Toward A Syntactic Parser for Taiwan Southern Min

本篇研究旨在如何使用句法剖析器(Syntactic parser)自動的替自然語言的句子建構出句法結構,本篇論文所使用的語料來自於國立中正大學臺灣閩南語口語語料庫(CCU Taiwanese Spoken Corpus)。在計算語言學的領域內,探討如何讓電腦程式自動得到自然語言的句法結構是一個很重要的議題,也有很多程式在做相關的句法剖析器,然而,大部分的句法剖析器都著重在英文和中文的部分,鮮少有人在看臺灣閩南語。因此,這個研究主要著重在建立臺灣閩南語句法剖析器之建立上。在這份研究中,我主要使用了3750句的句子。其中,3000句是在觀察部份(observing corpus),在此部分我觀察句子規則,並建立出適當的結構,另外750個句子為實驗部份(experimental corpus),在這裡我用在觀察部份所建立出來的所有規則,來檢測程式的正確率,有多少句子可以得到正確的結構。最後,當句法剖析器成功的得到句子的結構之後,這些結構會以程式可辨識的形式儲存起來。


This thesis demonstrates a method to automatically construct syntactic construction from natural language data in CCU Taiwanese Spoken Corpus. The techniques of automatically construct the syntactic representation from natural language expressions is a major issue in computational linguistics. Although there are large-scale programs working on syntactic parser to automatically build up the syntactic representation of the sentence, most of existing research focus on English and Mandarin Chinese, and little attention is paid to Taiwanese Sothern Min. Hence, this study gives effort to fill this research gap. The syntactic parser is built using a hand-coded rule based strategy.

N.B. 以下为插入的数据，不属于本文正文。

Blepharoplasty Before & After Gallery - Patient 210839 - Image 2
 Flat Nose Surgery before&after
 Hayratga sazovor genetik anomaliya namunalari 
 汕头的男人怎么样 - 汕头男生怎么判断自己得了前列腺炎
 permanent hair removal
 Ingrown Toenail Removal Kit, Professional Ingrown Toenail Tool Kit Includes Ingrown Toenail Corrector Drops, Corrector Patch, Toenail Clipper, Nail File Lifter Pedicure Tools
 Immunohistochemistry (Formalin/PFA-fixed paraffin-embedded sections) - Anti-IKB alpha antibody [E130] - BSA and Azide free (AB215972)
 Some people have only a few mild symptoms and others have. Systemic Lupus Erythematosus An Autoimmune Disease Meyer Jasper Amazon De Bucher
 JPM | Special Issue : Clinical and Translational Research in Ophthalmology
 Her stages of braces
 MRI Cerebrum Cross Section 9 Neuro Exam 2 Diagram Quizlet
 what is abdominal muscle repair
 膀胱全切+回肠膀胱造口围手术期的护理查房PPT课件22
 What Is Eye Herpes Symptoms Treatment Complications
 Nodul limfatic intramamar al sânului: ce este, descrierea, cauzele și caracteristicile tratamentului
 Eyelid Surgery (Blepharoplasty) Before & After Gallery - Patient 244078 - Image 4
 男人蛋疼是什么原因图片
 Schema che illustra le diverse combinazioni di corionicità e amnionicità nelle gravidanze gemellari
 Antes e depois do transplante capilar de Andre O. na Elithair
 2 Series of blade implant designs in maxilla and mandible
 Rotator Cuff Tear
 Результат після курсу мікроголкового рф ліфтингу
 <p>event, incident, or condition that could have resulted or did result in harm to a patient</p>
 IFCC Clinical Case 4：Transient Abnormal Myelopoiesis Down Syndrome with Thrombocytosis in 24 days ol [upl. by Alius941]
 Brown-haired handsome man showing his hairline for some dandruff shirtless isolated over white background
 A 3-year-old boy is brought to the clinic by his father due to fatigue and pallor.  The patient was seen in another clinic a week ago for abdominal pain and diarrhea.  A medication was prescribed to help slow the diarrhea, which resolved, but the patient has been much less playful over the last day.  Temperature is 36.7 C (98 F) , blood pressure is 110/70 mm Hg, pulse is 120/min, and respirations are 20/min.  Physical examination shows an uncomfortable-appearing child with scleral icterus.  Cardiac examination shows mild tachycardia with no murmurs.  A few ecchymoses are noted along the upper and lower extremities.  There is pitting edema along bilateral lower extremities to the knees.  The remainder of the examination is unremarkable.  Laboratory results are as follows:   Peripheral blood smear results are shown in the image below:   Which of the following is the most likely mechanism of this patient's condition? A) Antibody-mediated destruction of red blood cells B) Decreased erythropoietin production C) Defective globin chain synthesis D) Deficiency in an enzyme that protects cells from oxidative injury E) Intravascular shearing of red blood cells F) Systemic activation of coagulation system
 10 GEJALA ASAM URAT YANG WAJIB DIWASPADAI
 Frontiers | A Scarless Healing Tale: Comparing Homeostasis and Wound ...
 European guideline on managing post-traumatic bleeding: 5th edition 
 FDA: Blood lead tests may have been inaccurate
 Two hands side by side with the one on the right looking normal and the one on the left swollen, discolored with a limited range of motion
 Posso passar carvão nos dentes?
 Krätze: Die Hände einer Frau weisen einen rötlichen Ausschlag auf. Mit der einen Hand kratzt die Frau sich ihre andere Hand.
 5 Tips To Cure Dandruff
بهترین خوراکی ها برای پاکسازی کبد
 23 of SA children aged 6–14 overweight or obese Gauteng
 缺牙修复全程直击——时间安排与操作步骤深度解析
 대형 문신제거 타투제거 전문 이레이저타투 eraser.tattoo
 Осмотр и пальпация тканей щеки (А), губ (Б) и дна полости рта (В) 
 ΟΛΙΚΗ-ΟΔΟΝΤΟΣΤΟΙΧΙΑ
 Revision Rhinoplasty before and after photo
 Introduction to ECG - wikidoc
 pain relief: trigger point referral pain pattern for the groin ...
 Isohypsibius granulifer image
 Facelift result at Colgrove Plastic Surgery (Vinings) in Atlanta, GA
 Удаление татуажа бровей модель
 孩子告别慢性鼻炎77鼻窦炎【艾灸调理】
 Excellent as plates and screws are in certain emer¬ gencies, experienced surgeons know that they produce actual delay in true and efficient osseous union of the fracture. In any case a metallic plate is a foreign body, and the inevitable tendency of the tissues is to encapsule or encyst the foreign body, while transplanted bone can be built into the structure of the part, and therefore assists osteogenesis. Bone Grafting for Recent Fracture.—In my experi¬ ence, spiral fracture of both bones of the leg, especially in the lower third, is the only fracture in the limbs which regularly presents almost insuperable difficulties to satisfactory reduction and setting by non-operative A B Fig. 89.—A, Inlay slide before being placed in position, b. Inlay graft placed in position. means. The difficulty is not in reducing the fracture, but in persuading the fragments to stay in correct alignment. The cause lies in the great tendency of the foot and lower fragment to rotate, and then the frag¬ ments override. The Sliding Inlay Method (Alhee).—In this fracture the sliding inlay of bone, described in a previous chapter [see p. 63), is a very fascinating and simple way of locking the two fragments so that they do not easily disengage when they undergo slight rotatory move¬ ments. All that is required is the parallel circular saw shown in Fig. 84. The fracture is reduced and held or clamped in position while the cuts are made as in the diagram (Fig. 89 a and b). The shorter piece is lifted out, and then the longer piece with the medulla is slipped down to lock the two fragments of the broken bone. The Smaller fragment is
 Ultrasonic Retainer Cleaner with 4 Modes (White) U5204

The data used in this study are 3,750 sentences from the corpus. In the observing part, this thesis modifies the parser to make the 3,000 sentences to get the correct construction. The composing part uses 750 to test the accuracy of the parser. The syntactic grammar turn natural language sentences into their syntactic construction and they are collected and stored as a syntactic knowledge base.